■ Given data:
────────────────────
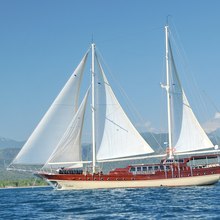 Brothers Yacht 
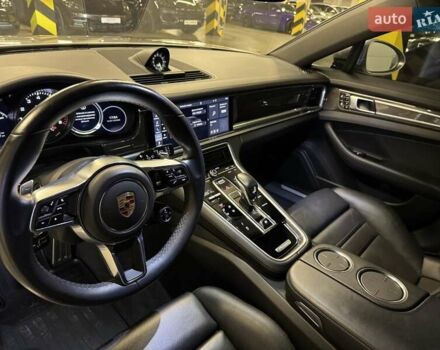 Серый Порше Панамера, объемом двигателя 2.89 л и пробегом 44 тыс. км за 80057 $, фото 3 на Automoto.ua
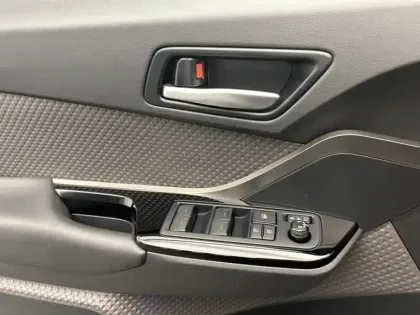 Photo 11 Toyota C-HR 1.8 Hybride 122 Distinctive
────────────────────
■ Task to complete: Would you please repeat all the data word for word, but without the pictures?

■ Solution to this exercise:
 Brothers Yacht 
 Серый Порше Панамера, объемом двигателя 2.89 л и пробегом 44 тыс. км за 80057 $, фото 3 на Automoto.ua
 Photo 11 Toyota C-HR 1.8 Hybride 122 Distinctive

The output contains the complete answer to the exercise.